Le progrès serait en avance  14/04/98
 
Je me permets, à titre exceptionnel, de reproduire ici une chronique proférée par 
Philippe Meyer sur les ondes de France Inter en avril 93, chronique
consacrée à la téléphonie mobile. La redécouvrir en ce début d'année 98 présente,
vous le verrez, un intérêt tout particulier. J'y ai ajouté quelques réflexions et
conseils pour lutter contre les parasites - je veux parler des abonnés eux-mêmes. 
 Heureux habitants du Val-d'Oise et des autres départements français, 
le peintre Degas, qui passait pour avoir du caractère, c'est-à-dire 
du mauvais, commenta ainsi l'invention du téléphone : « Ah! On vous 
sonne et vous y allez. »  On peut voir par là que Degas pensait qu'on 
pouvait s'interroger sur le progrès.  Maintenant qu'il n'est plus là,
qui s'interrogera à sa place ? Tâchons de nous y coller.
 
Nous avons lu  dans les journaux et vu à la télévision que, depuis quelques jours, les 
Parisiens, à l'instar des Strasbourgeois, peuvent téléphoner dans la 
rue, chez leur crémier ou dans une sanisette grâce à un appareil qui 
ne pèse pas un quart de livre. Arrêtons-nous un instant sur cette idée.
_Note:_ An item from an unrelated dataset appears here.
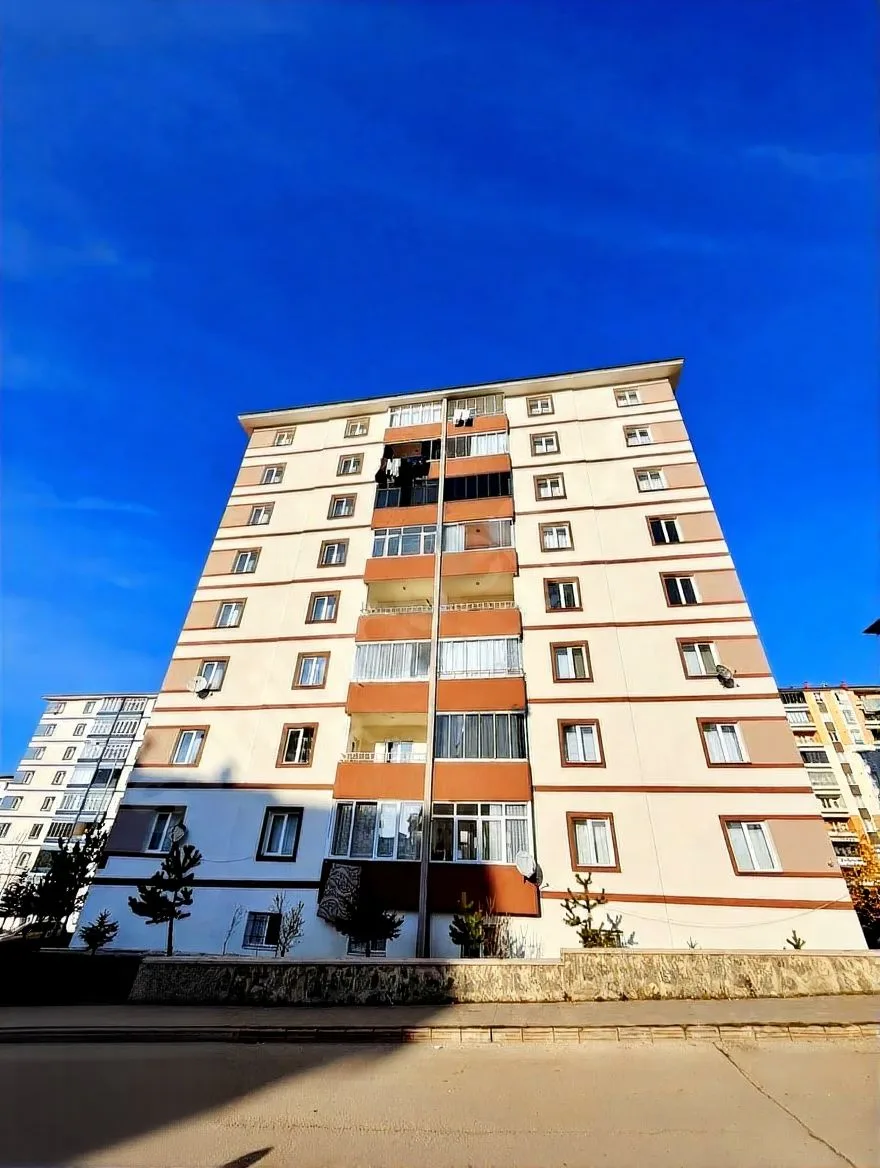 ERZURUM KİRALIK MERKEZİ ISITMALI 3+1 DAİRE | 175M² YAKUTIYE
Un homme marche dans la rue et téléphone tout en déambulant. Demandons-
nous de quoi il a l'air. Ne le lui disons pas, cela pourrait l'affecter.
 
Considérons maintenant l'appareil portable qui permet à l'homme d'appeler 
pendant qu'il déambule (ou qu'il achète un demi-reblochon, douze oeufs 
coque et un petit pot de crème fraîche). Cet appareil ne fonctionne qu'en
milieu urbain.  Quelle est la caractéristique du milieu urbain, à part les 
déjections canines et l'ignorance dans laquelle chacun se trouve de son 
voisin, ignorance qui est souvent une bénédiction ? La caractéristique 
du milieu urbain, c'est, depuis quelques années, l'abondance des cabines
téléphoniques publiques à carte et qui marchent. Elles ont sur le téléphone
que l'on utilise en déambulant l'avantage d'offrir :1) un abri contre les intempéries;
 2) une protection contre les indiscrétions.
 
Examinons maintenant l'autre situation du téléphoneur qui est non de donner 
mais de recevoir un appel téléphonique.  Chez lui, il peut; à son bureau, il
peut; dans une cabine, il peut; avec le truc portatif déambulatoire, il ne 
peut pas. Ça, c'est un soulagement: vous vous imaginez au restaurant, au
cinéma, chez votre crémier ou dans la rue, environné d'écervelés qui, pour 
jouer les importants, se font appeler à tout instant pour qu'on leur 
confirme que le lundi c'est raviolis ou que le journal de 20 heures sera bien
diffusé à 20 heures ? Vous vous imaginez ? 
 
Eh bien, vous avez raison. Car si, 
aujourd'hui, le Bi-bop ne peut pas être appelé, dès l'automne et moyennant un
surcoût, il le pourra. Et, d'ici l'an 2000, d'ici moins de huit ans, il est
prévu un million d'abonnés. Un million de porteurs d'appareils susceptibles 
de striduler à n'importe quel moment, n'importe où et pour n'importe quoi.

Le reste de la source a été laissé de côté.